Tor browser is a firefox browser preconfigured and modified to protect user privacy and identity while browsing the web using TOR. Browser plugins are disabled, history and cache aren’t persistent and everything is erased after closing the browser, etc.

The user fingerprinting problem

While preventing users IP address to be disclosed is a key aspect for protecting their privacy, a lot of other things need to be taken into consideration. Tor browser is preconfigured to prevent a lot of possible attacks on user privacy, not only the communications layer provided by tor itself.

One common problem that tor browser tries to address is user fingerprinting. If a website is able to generate a unique fingerprint that identifies each user that enters the page, then it is possible to track the activity of this user in time, for example, correlate visits of the user during an entire year, knowing that its the same user.

Or even worse, it could be possible to identify the user if the fingerprint is the same in tor browser and in the normal browser used to browse internet. It is very important for the tor browser to prevent any attempt on fingerprinting the user.

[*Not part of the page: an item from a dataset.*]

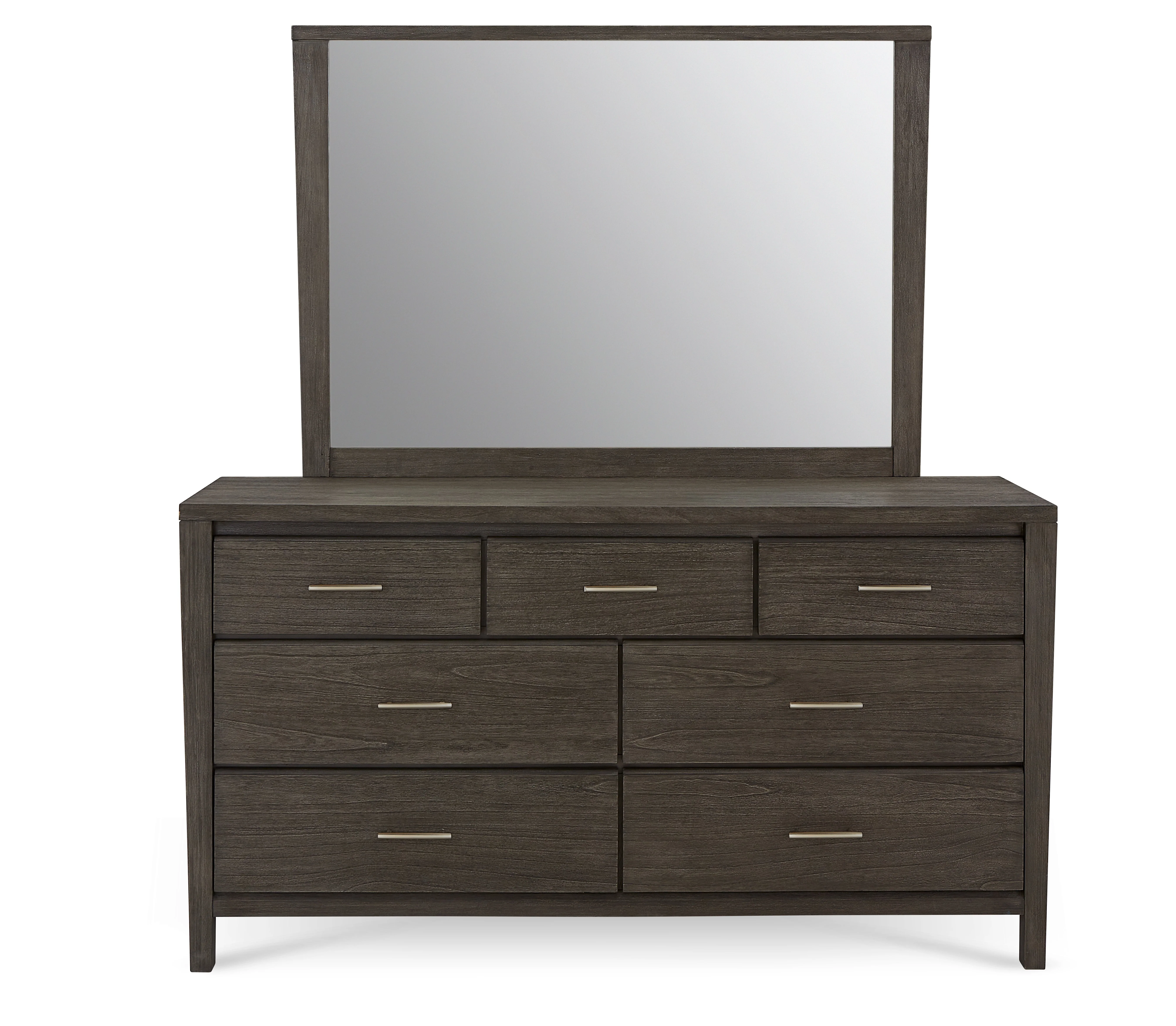 Nevis Dresser Mirror in Sharkskin - Image 5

In the past, a lot of fingerprinting methods has been used and proposed and tor browser has been updated with countermeasures. Examples of that are reading text sizes out of a canvas element, screen dimensions, local time, operating system information, etc.

One famous example of browser fingerprinting was Canvas fingerprinting. As of today, almost everything that can be used to identify the user has been disabled in tor browser.

UberCookie

During the last weeks I have been able to fingerprint tor browser users in controlled environments and I think it could be interesting to share all the findings for further discussion and to improve tor browser.

All the provided fingerprinting methods are based on javascript (enabled by default in tor browser as of today). I have created a quick and dirty PoC called UberCookie available as a demo here:

Try ubercookie

Measuring time

One interesting countermeasure for fingerprint implemented in tor browser is that javascript Date.getTime() (unix time) only updated each 100ms. So you can’t measure events happening under 100ms. This is useful to prevent a javascript inside a webpage to measure events in order to fingerprint the user. Since for some of the things I wanted to try needed better time accuracy than 100ms, this was the first thing to bypass.

There are a lot of ways to measure times smaller than 100ms using javascript in tor browser, some are obvious, or ther are intersting.

The first one I implemented was simply increment a variable by 1 each millisecond using setInterval. Even if the precision is not at milisecond level, is extremly better than the 100ms accuracy provided by Date.getTime.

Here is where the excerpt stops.